What you are asked to do =>
Starting at the line that contains "Goddess working out", transcribe every remaining line of the data below exactly, and omit all pictures.

Exercise data =>
☆ ☆ ☆ ☆ ☆ ☆ ☆

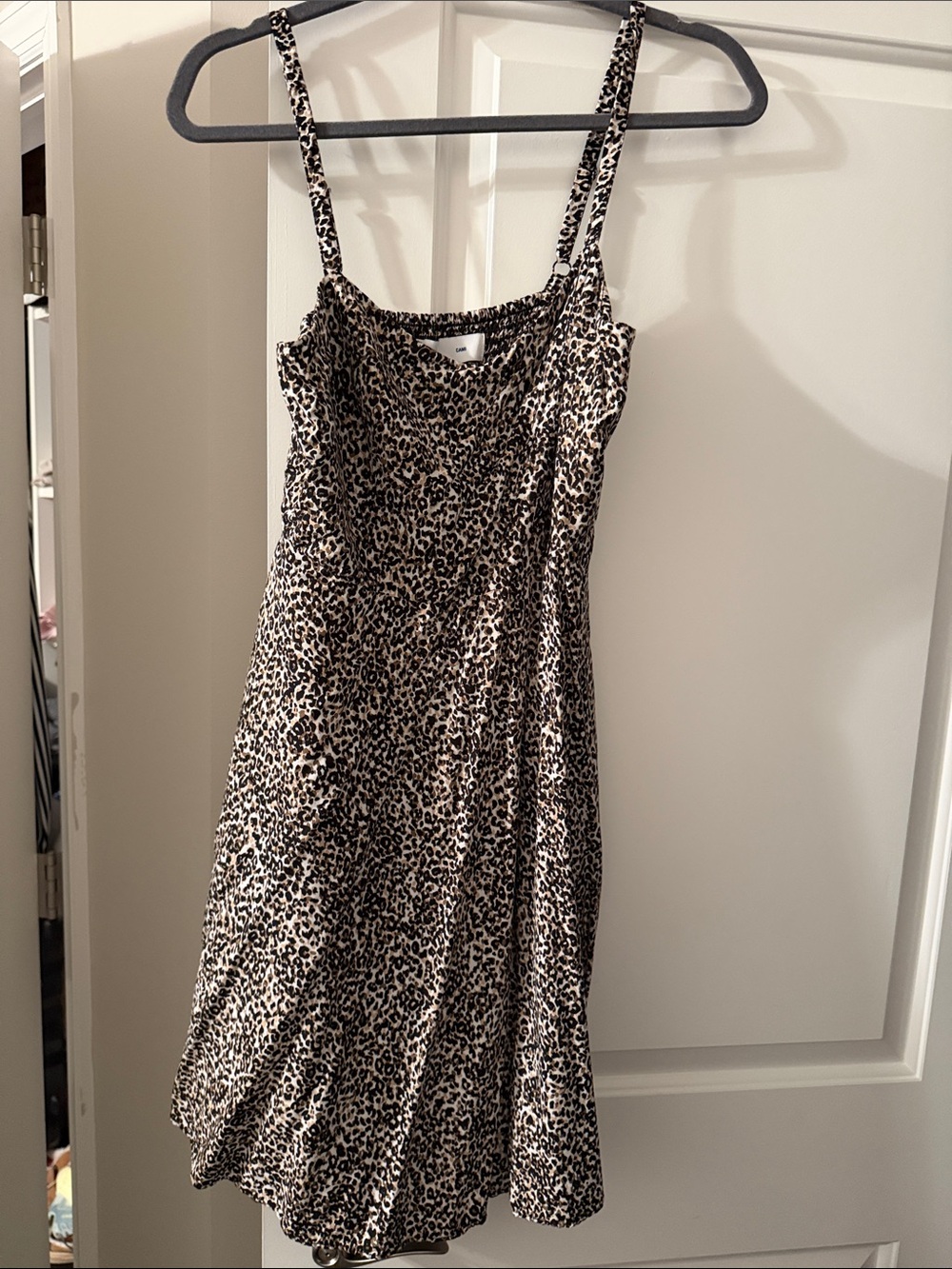 Old Navy Leopard-Print Mini Dress in Neutral Tones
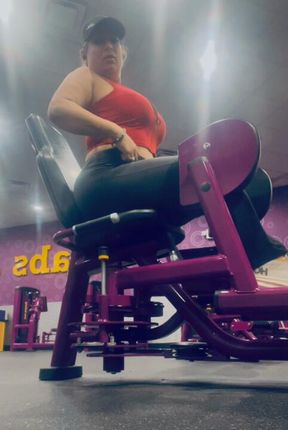Goddess working out and stretching. Full video media store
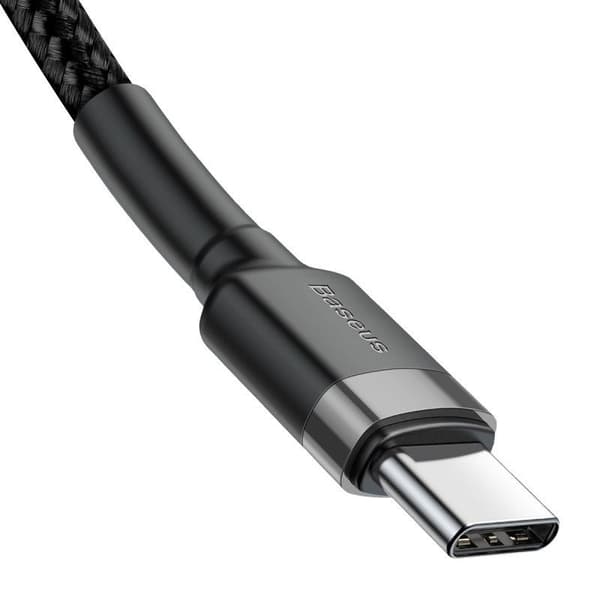 USB-C PD-kabel Baseus Cafule PD 2.0 QC 3.0 60W 1m (sort og grå)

☆ ☆ ☆ ☆ ☆ ☆ ☆

Problem solution =>
Goddess working out and stretching. Full video media store
 USB-C PD-kabel Baseus Cafule PD 2.0 QC 3.0 60W 1m (sort og grå)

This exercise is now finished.